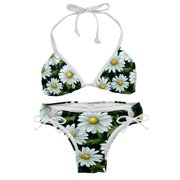 Daisy Bikini Set Swim Suit Detachable Sponge Adjustable Strap Two-Pack, Beach Pool Vacation Party.
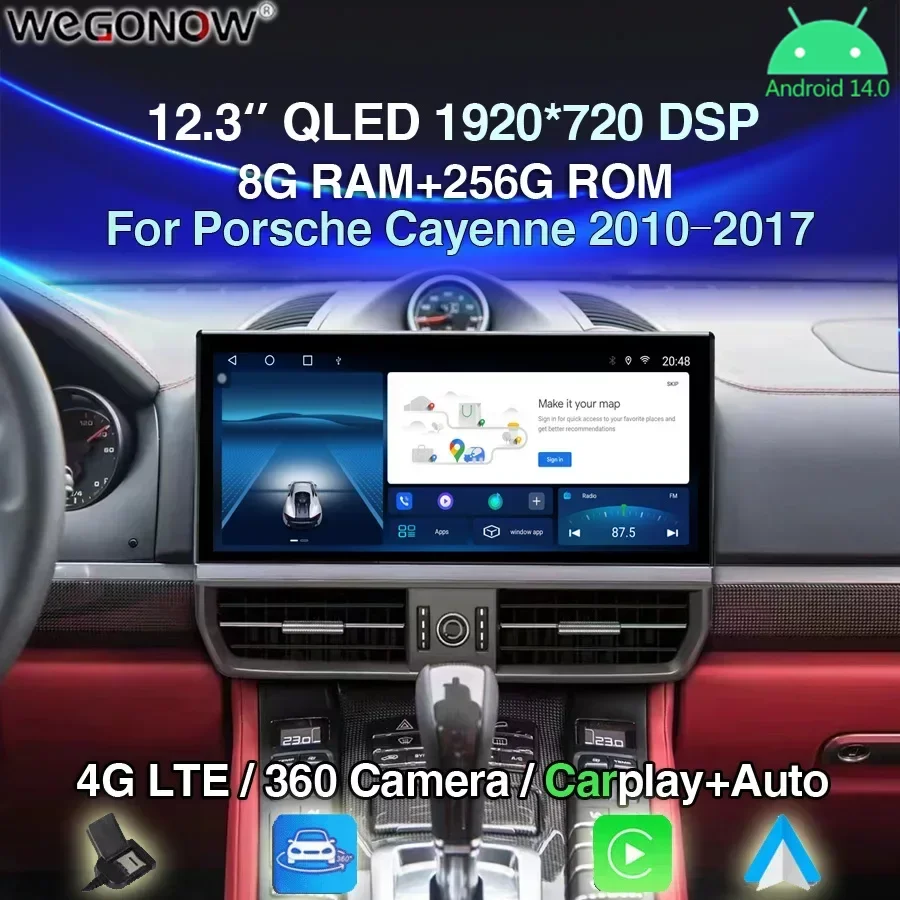 1920*720 QLED Carplay 8G+256G Android 14 Car DVD Player GPS Map WIFI Bluetooth 5.0 RDS Radio For Porsche Cayenne 2010-2016 2017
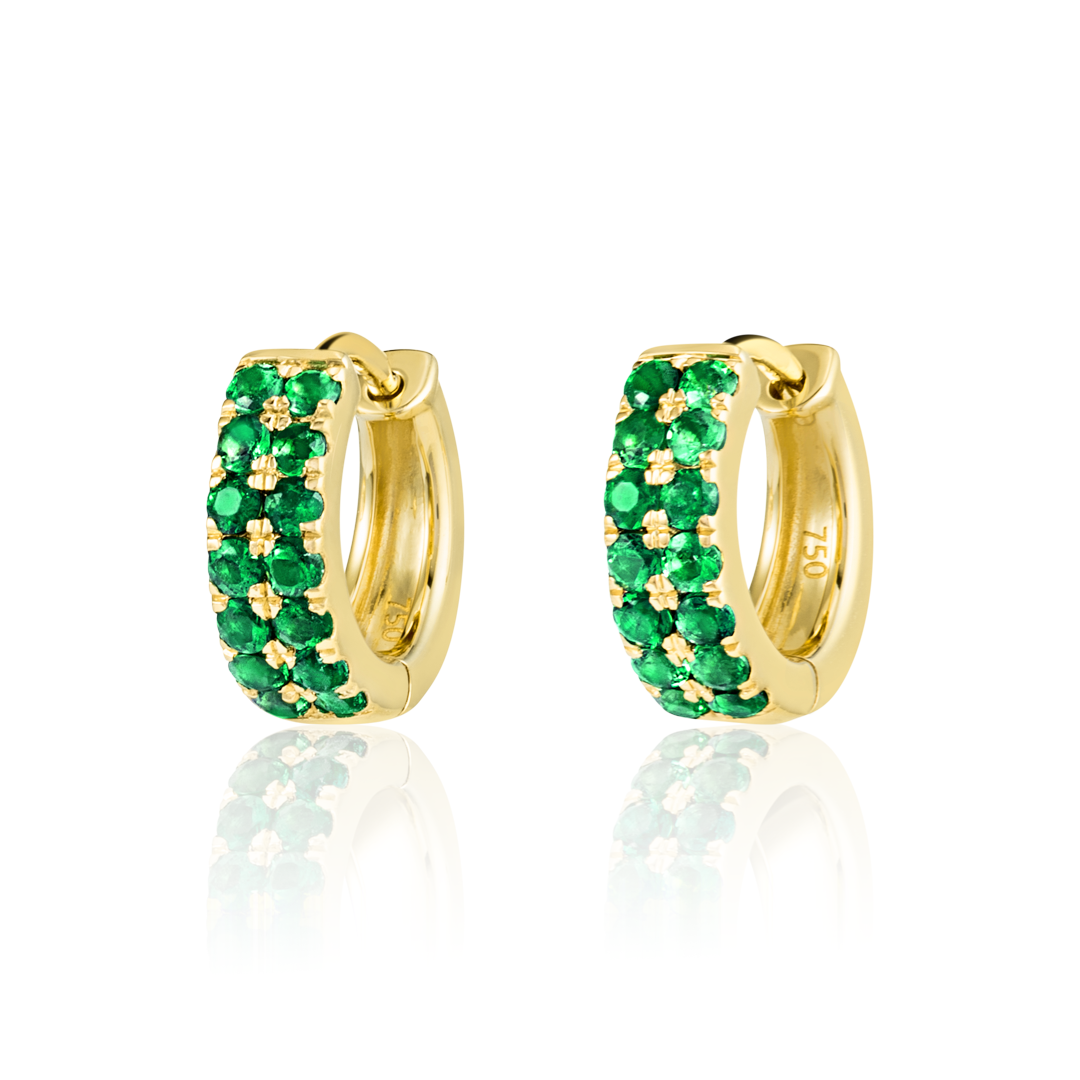 Luminous Diamond Earrings Harmony - Colombian Emerald Double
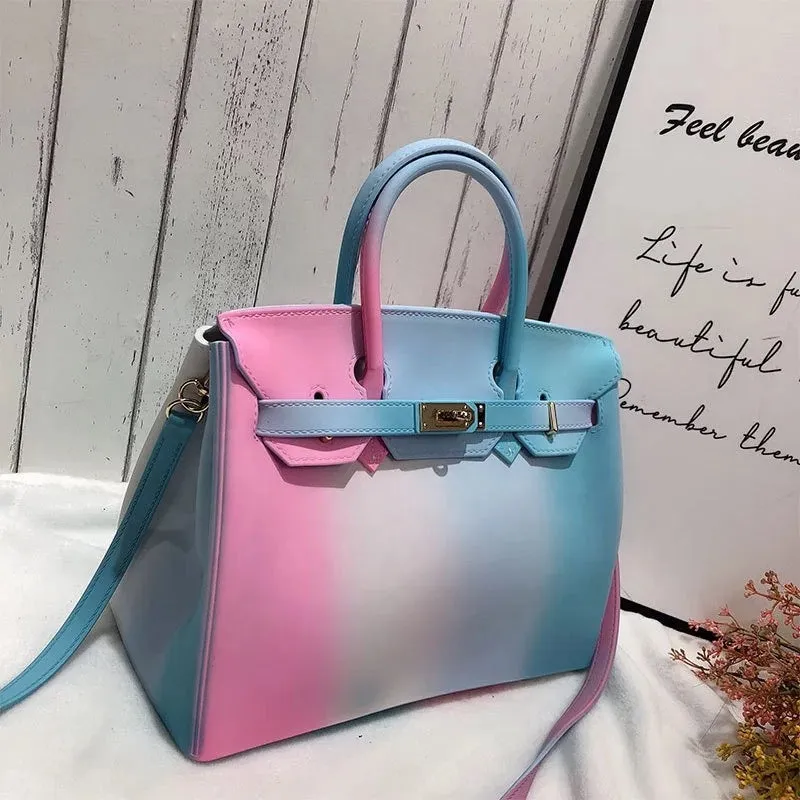 Deluxe luxury Jelly rainbow padlock New York tote handbag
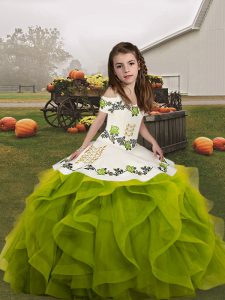 Floor Length Lace Up Pageant Dress for Teens Olive Green for Party and Wedding Party with Embroidery and Ruffles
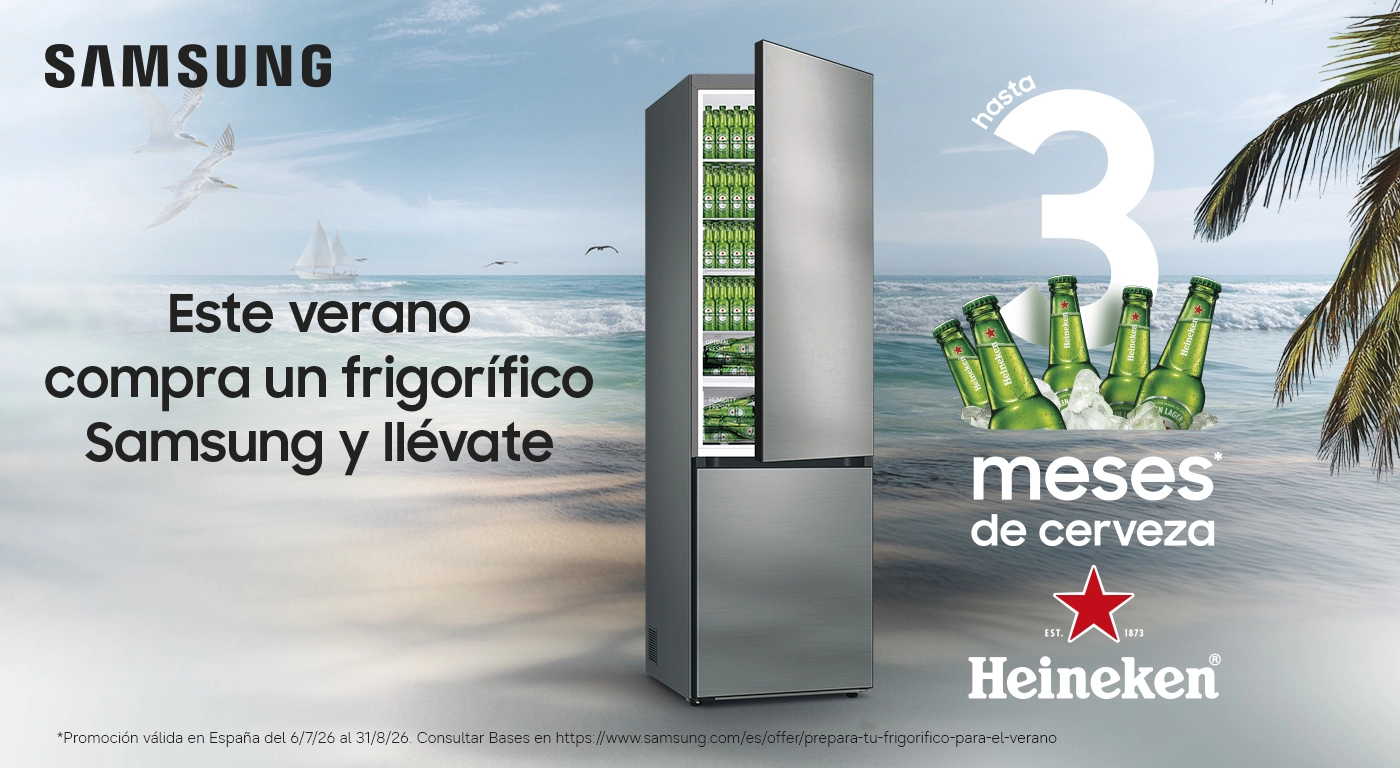 Llévate hasta 3 meses de cerveza Heineken gratis con tu frigorífico Samsung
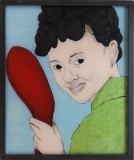 Jan Kummer, Gummi, 2017, Eglomisierung,61x51cm
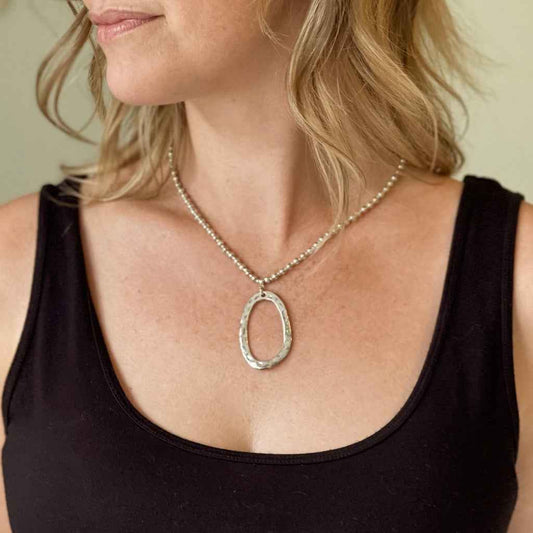 Silver Ball Necklace With Oval  Pendant In Silver Plate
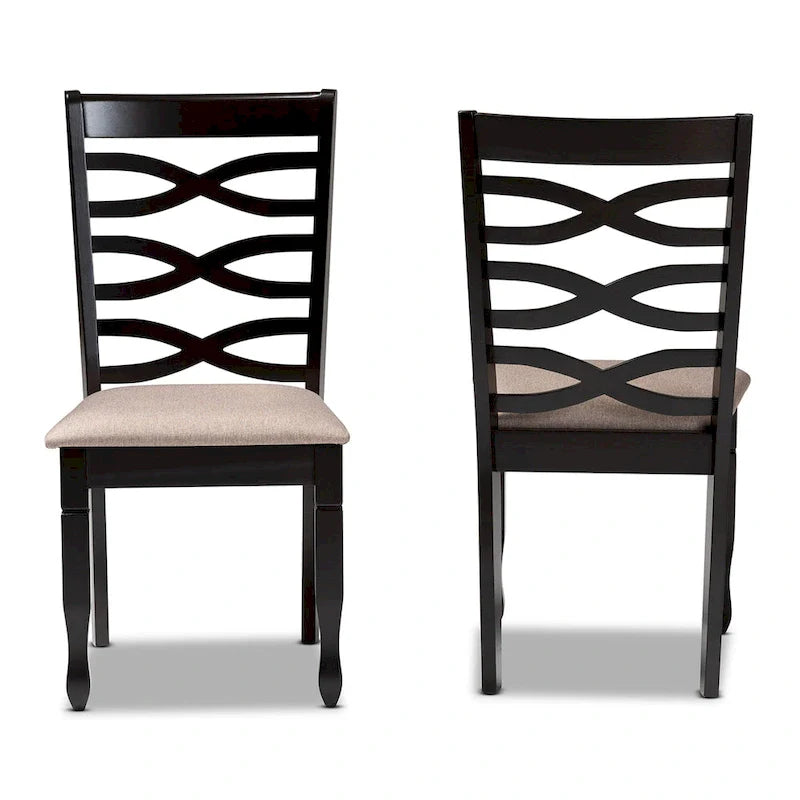 Lot de 2 chaises de salle à manger en bois Lanier (style moderne et contemporain)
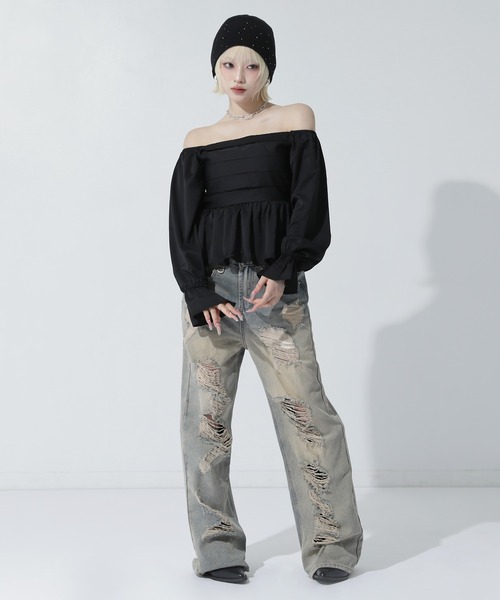 ANAP(アナップ)の「2WAY ペプラム シアーブラウス(その他トップス・レディース・ホワイト/ライトブルー/ブラック・F)」の12枚目の写真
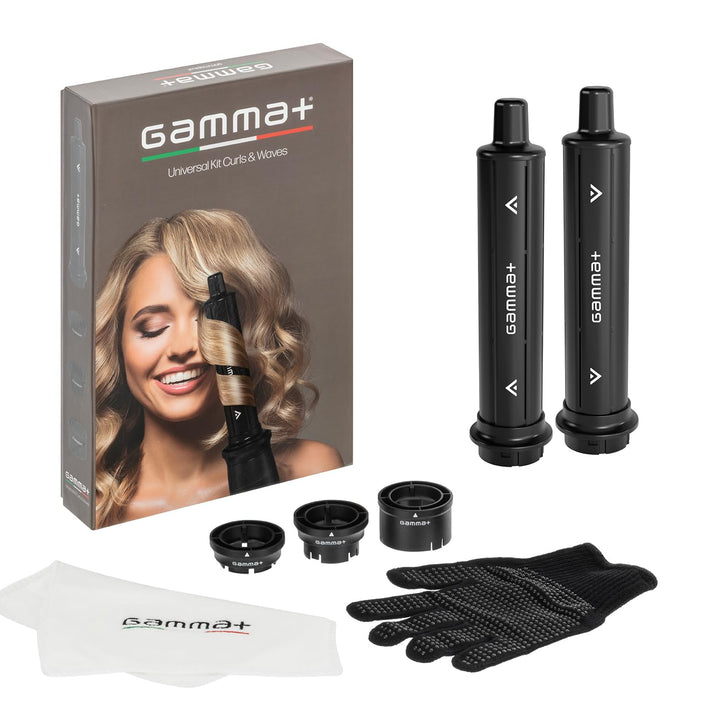 Gamma+ Lockenaufsatz-Set Curls & Waves | 2 Selbstaufrollende Zylinder für Locken und Wellen | Kompat
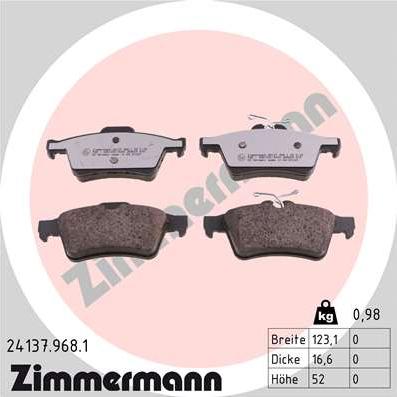 Zimmermann 24137.968.1 - Set placute frana,frana disc aaoparts.ro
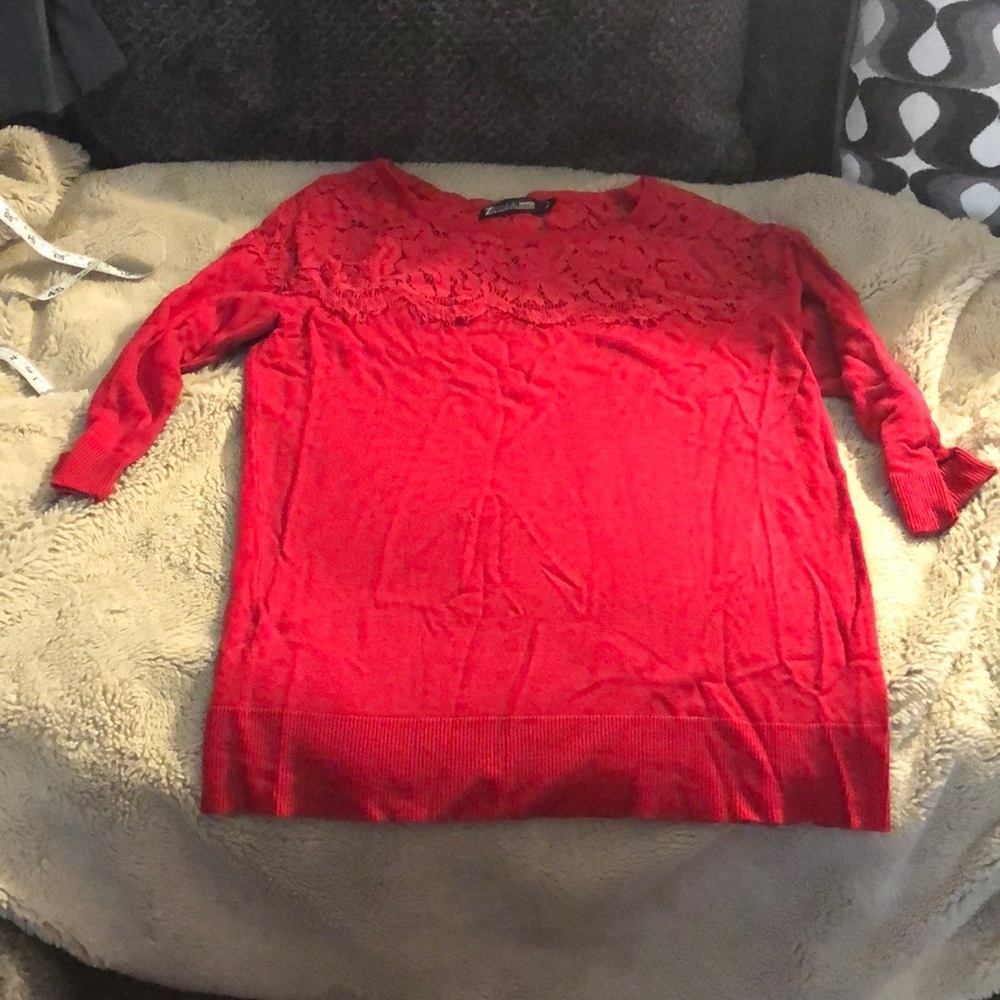 πΉ4 for $30 NY&CO Red Lace Top Sweater, size small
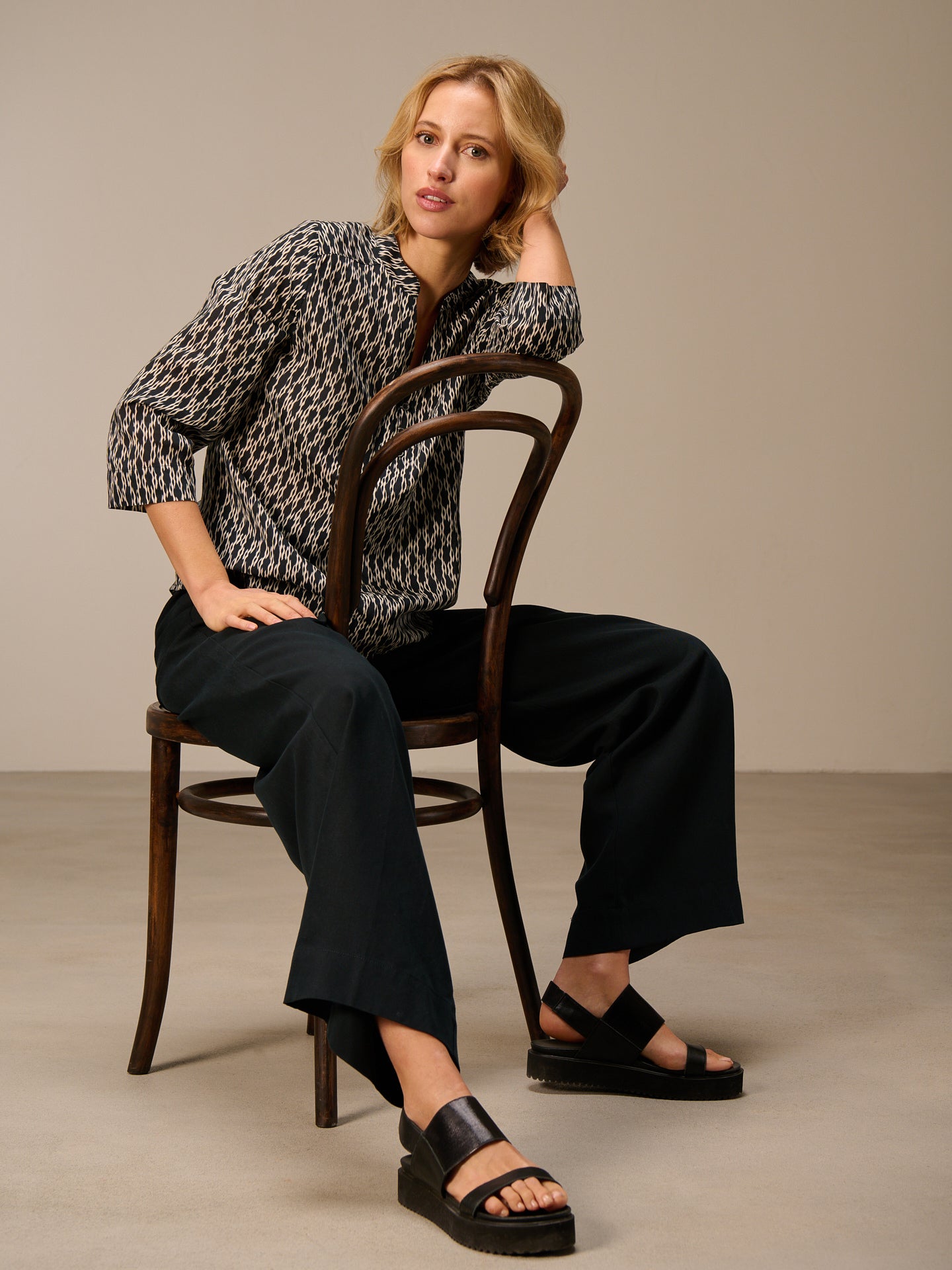 Blouse with stand-up collar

**What to produce:**
For this exercise, return exactly the lines above from the line with "Luminous Diamond Earrings" through the line with "Jan Kummer, Gummi, 2017, Eglomisierung,61x51cm", both included. Do not copy the pictures.

**Answer to the exercise:**
 Luminous Diamond Earrings Harmony - Colombian Emerald Double
 Deluxe luxury Jelly rainbow padlock New York tote handbag
 Floor Length Lace Up Pageant Dress for Teens Olive Green for Party and Wedding Party with Embroidery and Ruffles
 Llévate hasta 3 meses de cerveza Heineken gratis con tu frigorífico Samsung
 Jan Kummer, Gummi, 2017, Eglomisierung,61x51cm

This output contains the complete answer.